Kakao, which led a $3.3 billion merger with IT giant Daum to form Daum Kakao in 2014, is South Korea’s largest messaging and fintech platform. Kakaotalk, Kakao’s flagship messaging application, has a market penetration rate of over 90 percent, with sources including Forbes reporting that nearly 100 percent of households in the country use Kakaotalk as their main communication method.
“Of internet users age six and up, 88.3 percent use a messenger service, and 99.2 percent of those use Kakaotalk, a local messenger with more than triple the penetration of Facebook Messenger (29.2 percent) and Naver’s LINE (13 percent). That means over eight in 10 users in Korea are hooked on Kakao,” the research paper of Forbes.
During the first week of August, Daum Kakao launched its first fintech platform called Kakao Pay with the vision of replacing existing banking services with a purely virtual financial platform. Within less than a month since its launch, Kakao Pay has secured an active userbase of over three million users.
Upon its launch, Kakao Pay immediately appealed to the young generation of users for its simple loan policy. For any Kakao Pay users above the age of 18, a maximum of $3,000 can be loaned out without the necessity of credit scores and additional authentication from banks. Additionally, its easy process of settling payments between users through KakaoTalk allowed the platform to become the largest fintech platform in South Korea within 30 days since its launch.
Already, Kakao Stock, Daum Kakao’s stock trading and portfolio management app, has integrated bitcoin. In the upcoming months, the company will consider the possibility of integrating bitcoin into Kakao Pay, which will further increase bitcoin’s mainstream adoption in South Korea. In consideration of Kakaotalk and Kakao Pay’s influence over the South Korean social media and fintech industries, the company’s integration of the cryptocurrency will expose existing users that are relatively new to the market to bitcoin.

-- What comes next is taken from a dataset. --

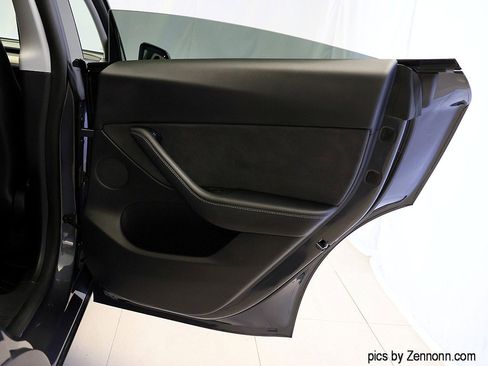 Used 2021 Tesla Model Y Performance AWD/4WD image 27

In June of 2016, Satoshi Citadel Industries, the second largest bitcoin company in the Philippines behind Coins.ph which operates Rebit.ph, BuyBitcoin.ph and many other bitcoin service providers, received an early-stage investment from Kakao’s venture capital arm. At the time, KVG’s Principal partner, Scott Kwon, stated:
“One of the most inconvenient sectors in the Southeast Asia region is the banking sector. We at KVG believe that SCI, using the power of Bitcoin and the blockchain technology, provides an innovative solution to those problems.”
Since 2016, Kakao and its subsidiary companies have been actively investigating into the possibility of using bitcoin to settle remittances between South Korea and the Philippines. More than $28 billion in remittances were sent to the Philippines in 2015 and Kakao intends to focus on the development of bitcoin services to ease remittance payments in the near future.
The integration of bitcoin by Kakao Pay will be a crucial development for the South Korean bitcoin market, primarily because it would mean that nearly 90 percent of social media users in South Korea will gain immediate access and exposure to bitcoin. Daum Kakao aims to continue funding and developing bitcoin platforms in the upcoming months through its strategic partners including Satoshi Citadel Industries.